The fact is that it is by crowding out the government from the economic sphere that fiscal deficit has been reduced in Pakistan. Thus, the consolidated tax revenue at 12.6 per cent of GDP was lower than that even in 1998-99(13.2 per cent), notwithstanding the central government's heroic efforts to raise tax proceeds. At the same time, the government expenditure has been cut down to 21.6 per cent of GDP, which is well below the UNDP's minimum level of 30 per cent for a well-functioning government.


The hope has been that the private sector will take up the slack, but it remains unfulfilled. While public investment has declined to 4.7 per cent in 2001-02, the private investment has also fallen to 7.6 per cent. The fact is that a falling public investment has tended to crowd out, rather than crowd in, private investment.


This is an historical truth, the validity of which cannot be denied either in the developed, or the developing countries. To the assertion that public intervention tends to encourage rent-seeking behavior, the answer is that this happens in the private sector at least as much, if not the more so.

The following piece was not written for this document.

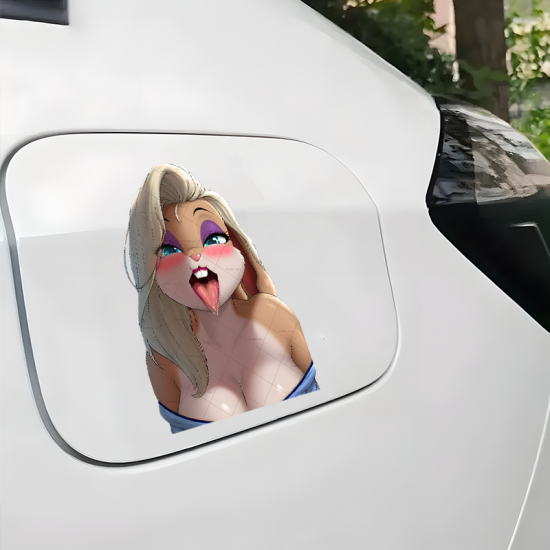 Lola Bunny Leaning Out Car Sticker, suitable for skateboard decks, rollerblades, and scooters. Vinyl car decals suitable for cars, motorcycles, laptops, computers, backpacks, water bottles, and more.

The fact of the matter is that a government must perform its development role, whose importance only grows as a country moves to higher stages of economic and human development. It is, therefore, no accident that public expenditure in the developed countries is twice as high as in the developing countries.


The Predicament

Finally, here lies the all- important question: Where do we go from here? The central thrust of a far-reaching development policy should be to achieve and sustain high rates of economic and human development. It is widely understood now that the two types of development are both statistically and economically interrelated.

They reinforce each other and should be attained together. It would, therefore, be a fruitless exercise to try to reduce poverty by a mere provisioning of social expenditures, when in the pursuit of macroeconomic stability the growth rate of GDP is reduced.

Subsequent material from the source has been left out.